Items listed in a dataset
******

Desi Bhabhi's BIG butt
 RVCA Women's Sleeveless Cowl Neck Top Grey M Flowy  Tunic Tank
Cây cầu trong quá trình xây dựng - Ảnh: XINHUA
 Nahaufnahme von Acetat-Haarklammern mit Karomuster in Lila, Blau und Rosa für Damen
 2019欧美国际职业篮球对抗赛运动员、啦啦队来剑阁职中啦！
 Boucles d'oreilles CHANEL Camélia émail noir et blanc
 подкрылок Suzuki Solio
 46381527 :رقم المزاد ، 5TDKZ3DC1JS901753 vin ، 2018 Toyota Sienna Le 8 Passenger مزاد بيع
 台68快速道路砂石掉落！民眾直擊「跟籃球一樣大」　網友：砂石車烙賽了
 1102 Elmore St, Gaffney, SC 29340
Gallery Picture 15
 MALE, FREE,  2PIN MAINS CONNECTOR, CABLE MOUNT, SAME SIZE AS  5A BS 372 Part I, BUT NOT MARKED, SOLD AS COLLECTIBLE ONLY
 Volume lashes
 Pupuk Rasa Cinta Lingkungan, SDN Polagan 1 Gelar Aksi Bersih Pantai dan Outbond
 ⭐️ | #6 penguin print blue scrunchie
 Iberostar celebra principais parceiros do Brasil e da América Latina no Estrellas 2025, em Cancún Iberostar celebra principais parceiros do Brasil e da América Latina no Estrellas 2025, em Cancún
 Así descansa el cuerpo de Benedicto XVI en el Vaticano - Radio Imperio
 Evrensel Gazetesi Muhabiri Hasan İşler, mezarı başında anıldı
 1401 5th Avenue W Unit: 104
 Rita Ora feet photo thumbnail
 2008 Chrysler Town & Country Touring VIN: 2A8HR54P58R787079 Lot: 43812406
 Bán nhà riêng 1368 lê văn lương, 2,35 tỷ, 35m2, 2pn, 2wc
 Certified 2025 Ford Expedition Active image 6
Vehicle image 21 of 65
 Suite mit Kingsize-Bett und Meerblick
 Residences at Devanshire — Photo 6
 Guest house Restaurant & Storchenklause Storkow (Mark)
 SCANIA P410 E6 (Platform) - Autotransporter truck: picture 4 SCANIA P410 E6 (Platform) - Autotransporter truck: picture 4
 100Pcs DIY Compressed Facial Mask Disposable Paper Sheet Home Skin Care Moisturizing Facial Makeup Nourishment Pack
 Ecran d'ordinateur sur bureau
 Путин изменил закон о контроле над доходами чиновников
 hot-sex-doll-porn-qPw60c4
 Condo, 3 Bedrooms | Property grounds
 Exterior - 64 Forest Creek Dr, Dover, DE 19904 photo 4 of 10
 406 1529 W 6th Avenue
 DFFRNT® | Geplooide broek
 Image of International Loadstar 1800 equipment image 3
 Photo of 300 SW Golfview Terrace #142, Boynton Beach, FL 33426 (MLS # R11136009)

******

REQUIRED WORK
Please give back the entries above, unchanged and complete.

COMPLETED EXERCISE
Desi Bhabhi's BIG butt
 RVCA Women's Sleeveless Cowl Neck Top Grey M Flowy  Tunic Tank
Cây cầu trong quá trình xây dựng - Ảnh: XINHUA
 Nahaufnahme von Acetat-Haarklammern mit Karomuster in Lila, Blau und Rosa für Damen
 2019欧美国际职业篮球对抗赛运动员、啦啦队来剑阁职中啦！
 Boucles d'oreilles CHANEL Camélia émail noir et blanc
 подкрылок Suzuki Solio
 46381527 :رقم المزاد ، 5TDKZ3DC1JS901753 vin ، 2018 Toyota Sienna Le 8 Passenger مزاد بيع
 台68快速道路砂石掉落！民眾直擊「跟籃球一樣大」　網友：砂石車烙賽了
 1102 Elmore St, Gaffney, SC 29340
Gallery Picture 15
 MALE, FREE,  2PIN MAINS CONNECTOR, CABLE MOUNT, SAME SIZE AS  5A BS 372 Part I, BUT NOT MARKED, SOLD AS COLLECTIBLE ONLY
 Volume lashes
 Pupuk Rasa Cinta Lingkungan, SDN Polagan 1 Gelar Aksi Bersih Pantai dan Outbond
 ⭐️ | #6 penguin print blue scrunchie
 Iberostar celebra principais parceiros do Brasil e da América Latina no Estrellas 2025, em Cancún Iberostar celebra principais parceiros do Brasil e da América Latina no Estrellas 2025, em Cancún
 Así descansa el cuerpo de Benedicto XVI en el Vaticano - Radio Imperio
 Evrensel Gazetesi Muhabiri Hasan İşler, mezarı başında anıldı
 1401 5th Avenue W Unit: 104
 Rita Ora feet photo thumbnail
 2008 Chrysler Town & Country Touring VIN: 2A8HR54P58R787079 Lot: 43812406
 Bán nhà riêng 1368 lê văn lương, 2,35 tỷ, 35m2, 2pn, 2wc
 Certified 2025 Ford Expedition Active image 6
Vehicle image 21 of 65
 Suite mit Kingsize-Bett und Meerblick
 Residences at Devanshire — Photo 6
 Guest house Restaurant & Storchenklause Storkow (Mark)
 SCANIA P410 E6 (Platform) - Autotransporter truck: picture 4 SCANIA P410 E6 (Platform) - Autotransporter truck: picture 4
 100Pcs DIY Compressed Facial Mask Disposable Paper Sheet Home Skin Care Moisturizing Facial Makeup Nourishment Pack
 Ecran d'ordinateur sur bureau
 Путин изменил закон о контроле над доходами чиновников
 hot-sex-doll-porn-qPw60c4
 Condo, 3 Bedrooms | Property grounds
 Exterior - 64 Forest Creek Dr, Dover, DE 19904 photo 4 of 10
 406 1529 W 6th Avenue
 DFFRNT® | Geplooide broek
 Image of International Loadstar 1800 equipment image 3
 Photo of 300 SW Golfview Terrace #142, Boynton Beach, FL 33426 (MLS # R11136009)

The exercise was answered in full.